The clean is everyone’s favourite lift, unless you prefer the snatch...or the jerk, either way it is my favourite lift! Before I start this article, please take heed of two [obvious but important] things that need to be done on top of all these tips, you need to be squatting two-three times per week front squat and back squat, and you need to be doing cleans, cleans pulls and a lot of repetitions. These tips will help you get those big weights flying onto your shoulders!

1. Get the best rack position you can!

A strong rack position improves your chances of standing up out of a heavy clean. It is common for beginners to struggle with the position, people often have incredibly tight lats and triceps. Rolling the lats, triceps and wrists and stretching them during your warm up will help get those elbows higher and the bar comfortably resting on the shoulders whilst gripping the bar. Stretching out using the bar is also a fantastic way to improve it, place the barbell into the back squat position, and use the weight of the bar to rotate one elbow up at a time whilst keeping the hands on the bar and the body straight. Tip: If you have to sacrifice gripping the bar in the rack position to have your elbows up, sacrifice the grip and open your hands.

2. Good posture equals a better clean!

Having a tight mid-back from all those hours racked up at the desk can be a complete hindrance on a strong clean. Catching a clean with a rounded mid-back will force the elbows down and cause you to grind up the squat which can zap the energy from you and put unnecessary pressure onto the wrists – which is a one way ticket to injury.  Kelly Starrett shows us the way to work on that area. In addition, overhead squats are a great way to improve your mobility, if you can do a clean-grip overhead squat without the bar falling forward and you can front squat more than your best clean without your back rounding, consider your posture fit for purpose!

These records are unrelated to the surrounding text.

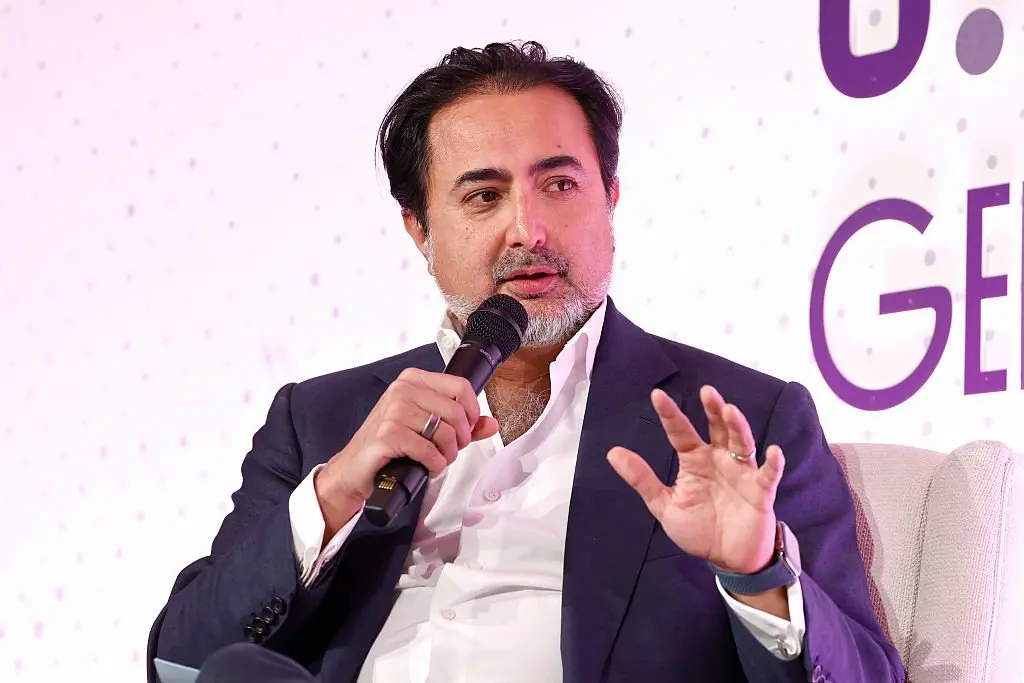 💡 Гендиректор General Catalyst о прибыли с смыслом
Hemant Taneja, возглавляющий венчурный гигант с $40 млрд активов, убеждён: успех бизнеса должен включать социальное воздействие | Сетка — социальная сеть от hh.ru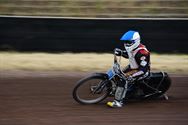 Jonge racers en karts brengen spektakel op Helzold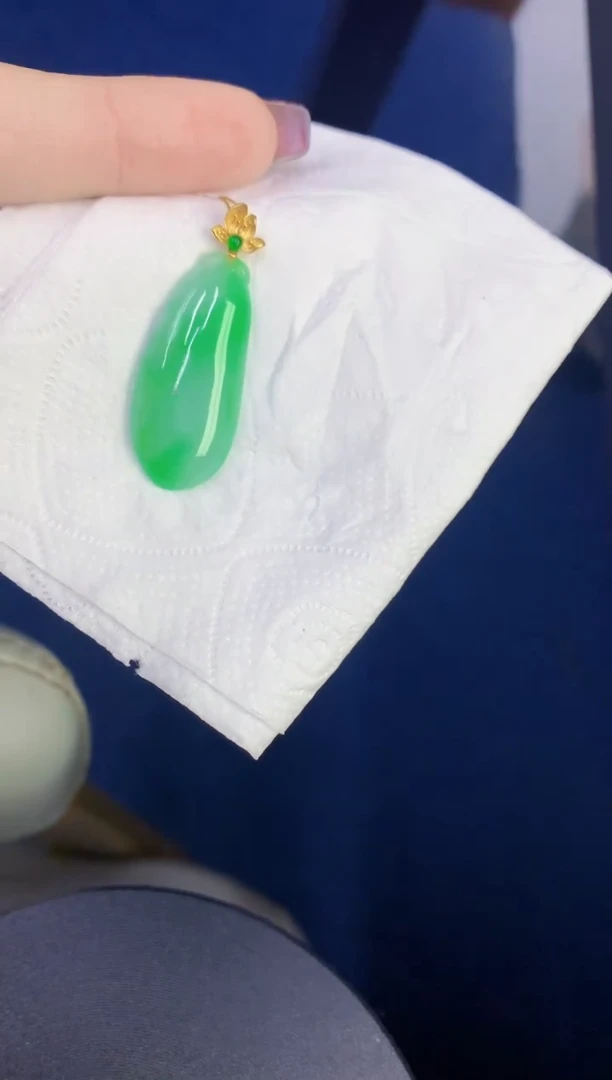 颈饰18K金镶嵌翡翠缅甸天然翡翠A货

3. Perfect that first pull!

Due to the heavier weight used in the clean versus the snatch, a bad first pull will cause serious problems. During the first pull the shoulders should stay over the bar AND the back angle should remain the same. Often people mistakenly let those hips rise as soon as the bar moves. Your knees only have to move fractionally to get out of the way of the bar as it passes the knees. Pushing your knees back switches off the legs and puts it all on the back. The more pressure you can keep on the front of the foot, the more your legs will be primed to move into the extension

4. Meet with the Bar

Ever found yourself pulling the bar so high and diving under the bar so fast that the bar comes crashing down onto your shoulders and crumbles you into a ball? Timing is very important, meeting with the bar just below parallel and “catching the bounce” out of the squat is essential to coming out of a heavy clean with ease. Hang cleans, block cleans and semi-power cleans (catching halfway and then squatting all the way down)can improve that timing for heavier weights.

5. Be More Zlatan

When you are cleaning at your limit, there isn’t any room for being soft, just take a look at Zlatan Vanev cleaning 1kilo off of the 77kg world record 5 times in one session. You have to pull that bar with all your might, with a strong hip drive and extension followed by a do-or-die rapid movement underneath the bar with the elbows up in full confidence. If you have any doubt, the weight will crush you! Vanev’s Rage is how I get myself through clean and jerks!


These are my five tips that I feel will help beginners and those further along the line who have hit a plateau. Once again I leave you with a quote from the Olympian and British record holder Jack Oliver which perfectly sums up what one must do when it comes down to a heavy clean “just smash and stamp!” – if this confuses you, see tip number 5.